Dataset excerpts:
□ □ □ □ □

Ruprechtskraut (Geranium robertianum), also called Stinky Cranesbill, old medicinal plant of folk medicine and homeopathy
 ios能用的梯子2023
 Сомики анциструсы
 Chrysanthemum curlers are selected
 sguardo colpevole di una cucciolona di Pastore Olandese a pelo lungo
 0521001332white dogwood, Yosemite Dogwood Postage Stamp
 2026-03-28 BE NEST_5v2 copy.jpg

□ □ □ □ □

Task instructions:
Each line, starting with the one containing "0521001332white dogwood, Yosemite" and ending with the last line of the records above, should be reproduced exactly.

Exercise solution:
 0521001332white dogwood, Yosemite Dogwood Postage Stamp
 2026-03-28 BE NEST_5v2 copy.jpg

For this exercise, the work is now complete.